Signal Attachez vos ceintures allumé, l’airbus d’Avianca est prêt à partir quand l’indien avec qui je partage le double siège du fond (rangée 31, contre les toilettes, la moins chère de l’avion) se lève. C’est un type de la campagne, mal lavé, l’air égaré. Depuis que nous sommes à bord, il a fait quatorze téléphones hurlant dans le microphone: “c’est moi, allô… dans l’avion, je suis dans l’avion, ça va? oui, oui… moi je suis dans l’avion!”. Dans le haut-parleur du téléphone on entend des bébés qui pleurent, des chiens qui aboient, des coqs qui chantent. Et maintenant, il se lève.
-Vous ne pouvez aller nulle part, la porte est fermée.
-Il faut que j’y aille, dit-il, j’ai oublié de changer de l’argent.
Il parle un espagnol mâtiné de Kaqchikel.
-Asseyez-vous, lui fais-je, je vais appeler l’hôtesse, et j’actionne le bouton.
A l’hôtesse et à son collègue stewart, il répète: “je veux descendre, j’ai oublié de changer de l’agent!”.
-Si vous descendez maintenant, vous ne pourrez pas remonter.
Je le regarde: “alors, que t’ai-je dit?” — je m’aperçois que je lui parle comme à un enfant.
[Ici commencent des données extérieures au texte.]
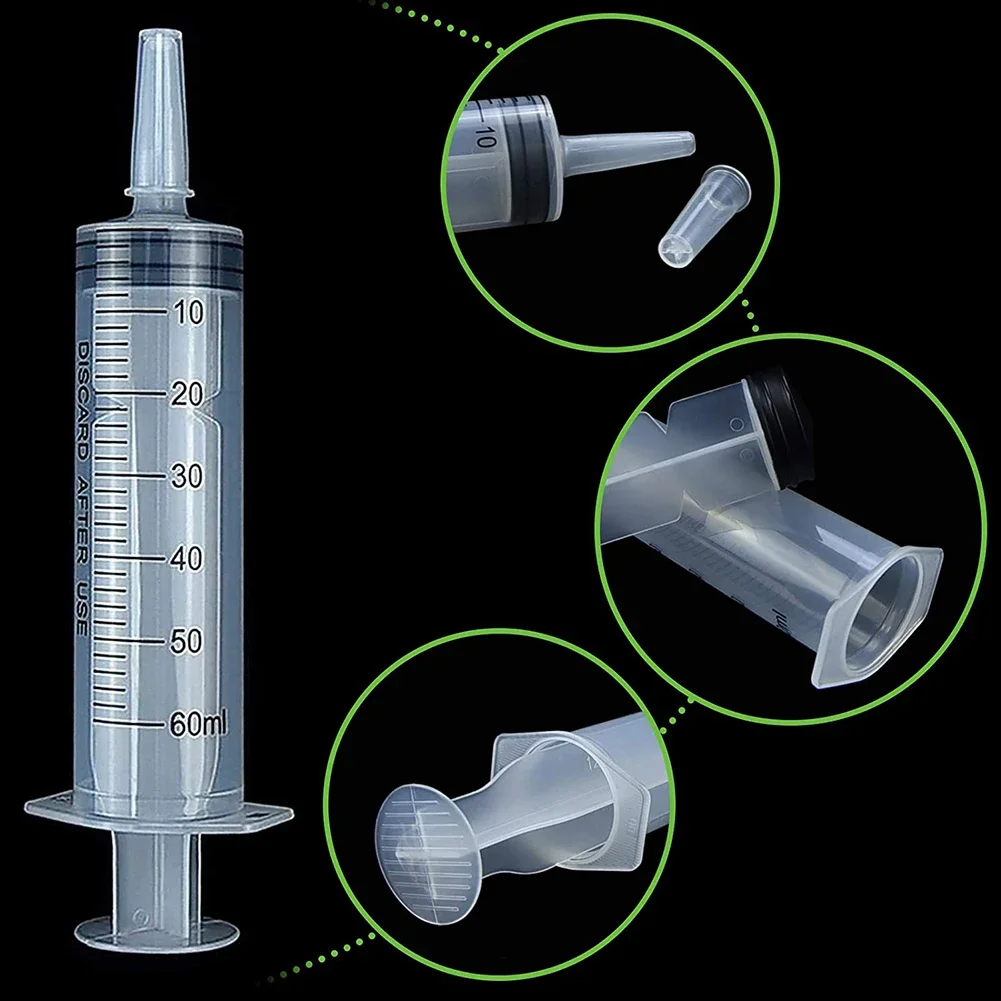 60/100ml Plastic Bulk Needle-Free Disposable Syringes Syringes Without Needle Syringe Glue Pet Feeding Needle Kitchen Tools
Alors cette question hallucinante de l’hôtesse:
-Où allez-vous?
Je coupe la parole à l’Indien:
-J’espère que nous allons bien à Bogota?
-A Madrid, dit l’Indien.
-Eh bien, vous pourrez changer votre argent à Madrid Monsieur.
-Il y a des banques là-bas? demande alors l’Indien.
Et je me dis: à Madrid, cet Indien va à Madrid, mon Dieu!